▶ _Task directions_
Only the lines from the one with "Hello, this is" through the end of the material are wanted, copied exactly and with the pictures left out.

BEGIN

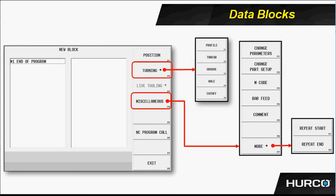Under turning, we see this is where we're going to create the actual program that cuts the part. And we have things like profile. That's going to be used for any kind of facing, turning, and boring type features that we want to program. Thread is obviously going to do any OD, ID, or face threads.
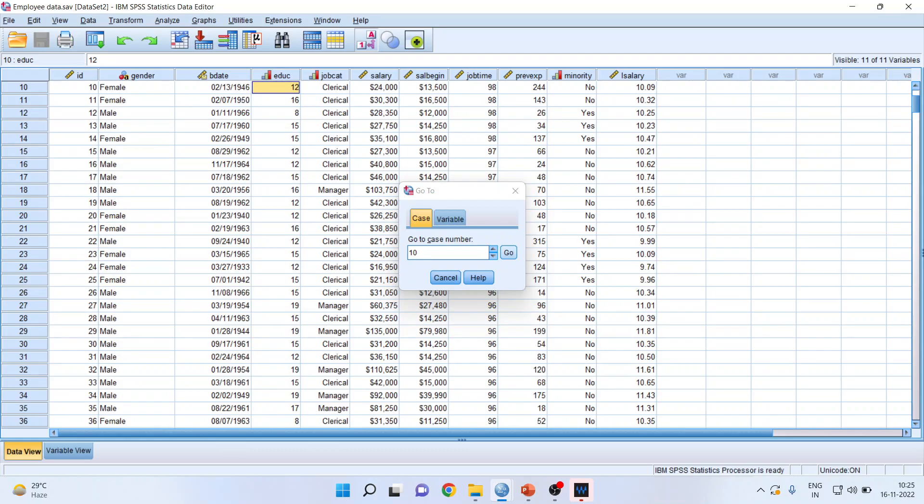And it will try to identify where the case is located. So go to case number 10. You can see that this is case number 10, which it has highlighted.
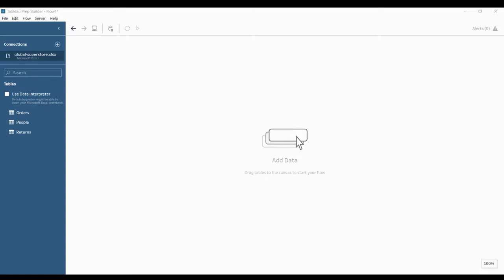Joining is an operation you can do anywhere in the flow. Joining early in a flow can help you understand your data set and expose areas that need attention right away. Here we have global superstore data and I have orders, people, and returns.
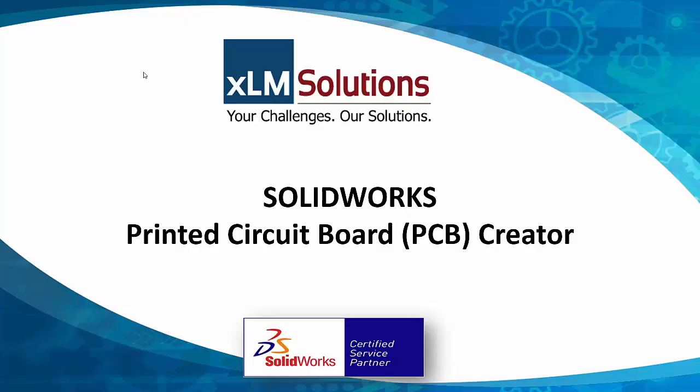Hello, this is Mark Young with XLM Solutions, and today I'm going to talk to you about our printed circuit board solution.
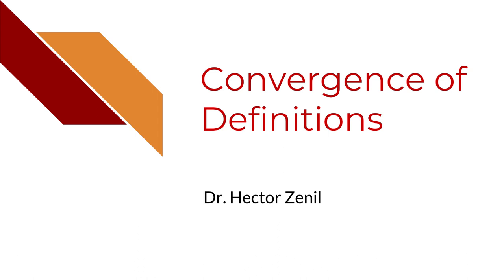One of the most surprising results in algorithmic complexity is what is known in mathematics as the convergence in definitions. This is a phenomenon similar to other types of convergence in definitions, such as in the notion of an algorithm.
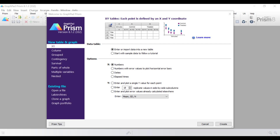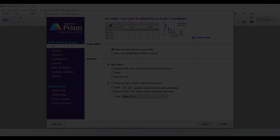Hello, my name is Dr. Stephen Bradburn from TopTipBio.com. In this video tutorial, I'm going to show you how to use GraphPad Prism to create a heatmap and to understand how to interpret the output.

END

▶ _Task result_
Hello, this is Mark Young with XLM Solutions, and today I'm going to talk to you about our printed circuit board solution.
One of the most surprising results in algorithmic complexity is what is known in mathematics as the convergence in definitions. This is a phenomenon similar to other types of convergence in definitions, such as in the notion of an algorithm.
Hello, my name is Dr. Stephen Bradburn from TopTipBio.com. In this video tutorial, I'm going to show you how to use GraphPad Prism to create a heatmap and to understand how to interpret the output.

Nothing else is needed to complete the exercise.